Justin Trudeau has many decisions to make and one more decision will be whether to nominate an indigenous Supreme court judge. Nader Hasan, a lawyer and University of Toronto faculty of law adjunct professor told the Ottawa Citizen, “It’s important for the legitimacy of the judiciary to have a court that reflects the diversity of the nation.” There are strong signals that since Indigenous people are Canada’s largest minority they deserve representation.” It’s past time for an indigenous member of the court to be appointed.” Lorne Sossin, dean of Osgoode Hall Law School said. “I’m confident that there are potential nominees who are either being identified or have identified themselves that are before that committee, and I’m sure getting serious consideration as this process unfolds.”
Some of the potential women candidates are Mary Ellen Turpel-Lafond the first aboriginal woman to serve on the Saskatchewan provincial court bench. Another strong contender is Jean Teillet the past vice-president and treasurer of the Indigenous Bar Association, founding president of the Metis Nation Lawyers Association and she is the great grand niece of Louis Riel. A male counterpart is Senator Murray Sinclair who was a former judge in Manitoba, as well as the chair of the Truth Reconciliation Commission, also high on the list.
The Prime Minister responding to the demand for more diversity on the bench said, “It’s not something we can suddenly do overnight, there is an awful lot of work to do in the lower courts to be able to get the diversity up, to be able to get more women to the bench. What we’re going to do with this new Supreme Court process is chose the absolute best possible Supreme Court Justice to serve Canadians, and keep in mind that we want to make sure that we are representing as many Canadians with that court as we possible can.”
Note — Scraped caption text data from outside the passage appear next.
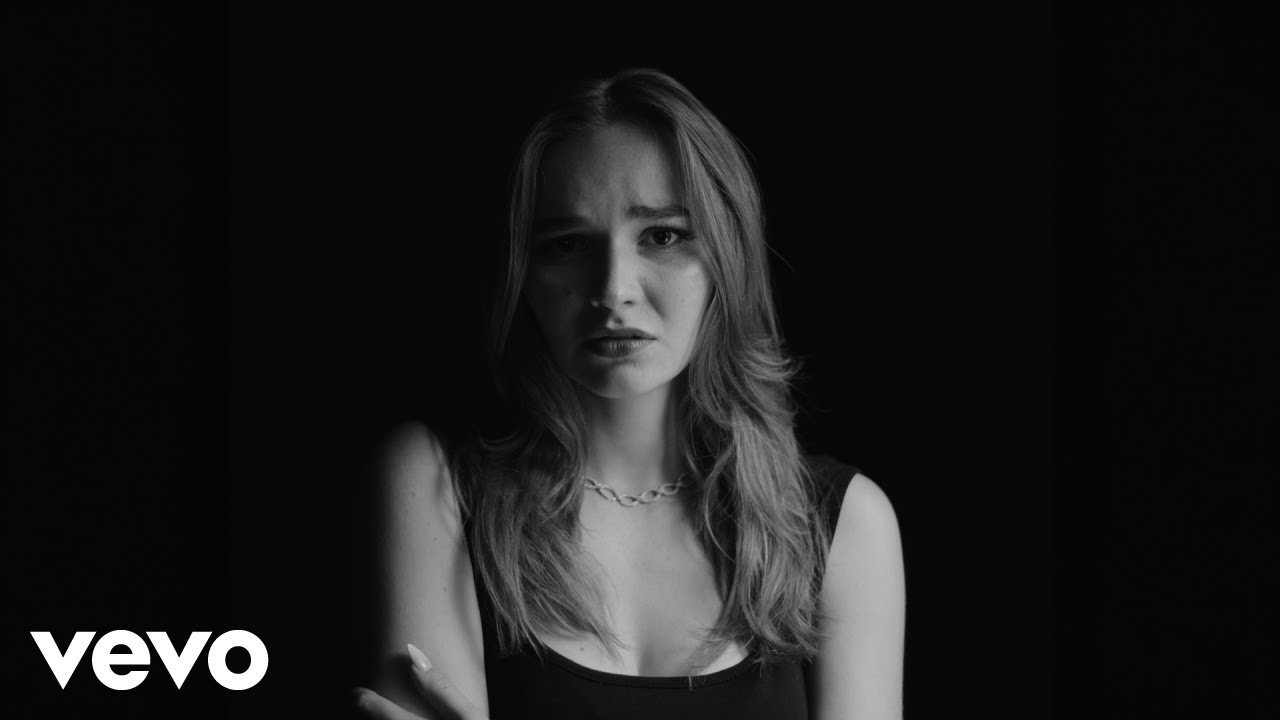 Julia Meladin - Schatten im Licht (Offizielles Video)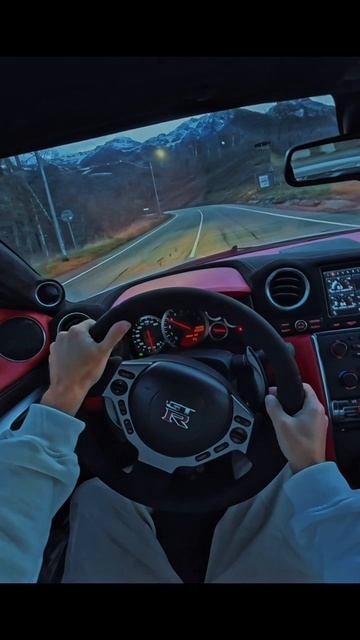 Подъем в горы по серпантину на Nissan GT-R от первого лица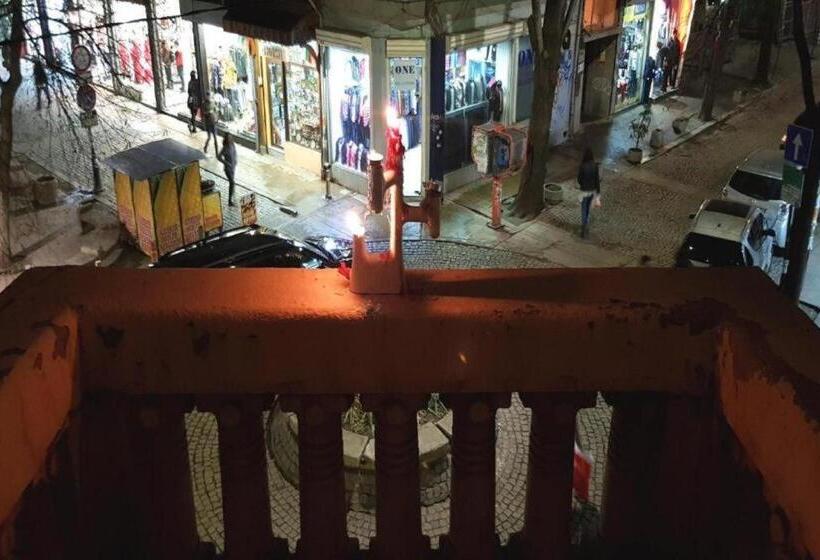 ユースホステル Deluxe Rooms In The Middle Of The Downtown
Aboriginal people don’t always view courts as the podium for justice. Too many aboriginal people are in jail at this very moment. The Supreme court deals with land claims and larger issues and the Indigenous people have not always had justice on their side. In the words of the Prime Minister, “If you have this panel of nine white judges staring at you, and you are having all of your fights adjudicated by those persons, how legitimate is that institution in your eyes? The country has evolved people are looking for those perspectives.”